= WHAT YOU WILL DO =
Print only the lines running from the line with "Welcome back team, you" to the final line below, both included, exactly as written and without the pictures.

= SUPPLIED MATERIAL =
>>

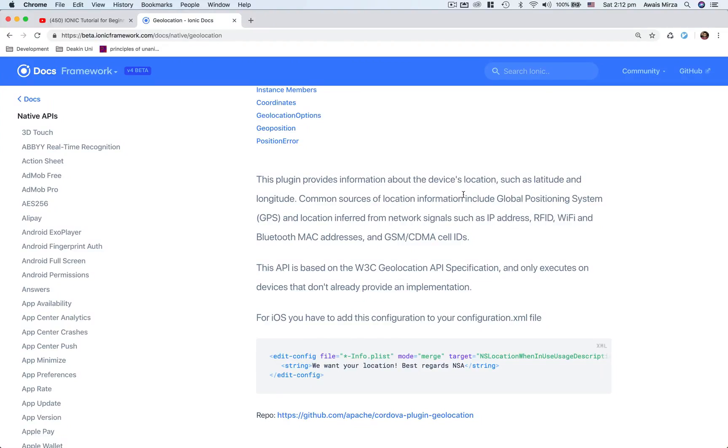Hey guys, welcome back. This is Waste back with another video. In this quick video, I'm going to be showing you guys how you can use native API from Ionic 4 library.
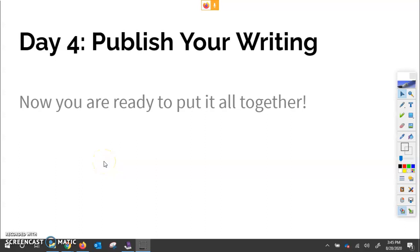Welcome back team, you made it to writing day four. I know writing day three was a lot of me explaining things, so thank you for taking the time to watch that video, two videos actually, and doing those assignments.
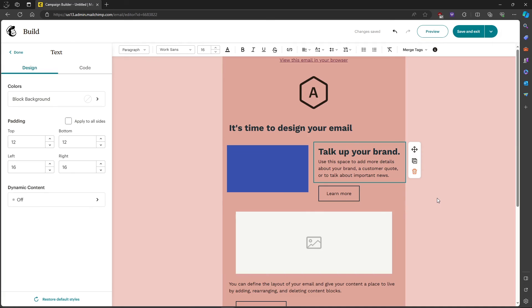That's how to wrap text around an image in MailChimp. If you have any questions, please let me know down in the comments and I'll do my best to help you out.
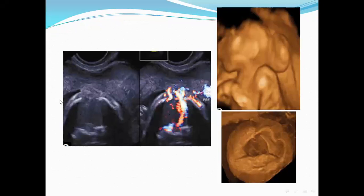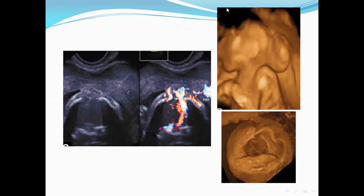This is another picture of encephalocele documented by Doppler, showing the connection between the intracranial structure and extracranial structure. This is a more obvious picture by 3D, showing the effect of encephalocele and the effect on the skull bone.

<<

= WRITTEN REPLY =
Welcome back team, you made it to writing day four. I know writing day three was a lot of me explaining things, so thank you for taking the time to watch that video, two videos actually, and doing those assignments.
That's how to wrap text around an image in MailChimp. If you have any questions, please let me know down in the comments and I'll do my best to help you out.
This is another picture of encephalocele documented by Doppler, showing the connection between the intracranial structure and extracranial structure. This is a more obvious picture by 3D, showing the effect of encephalocele and the effect on the skull bone.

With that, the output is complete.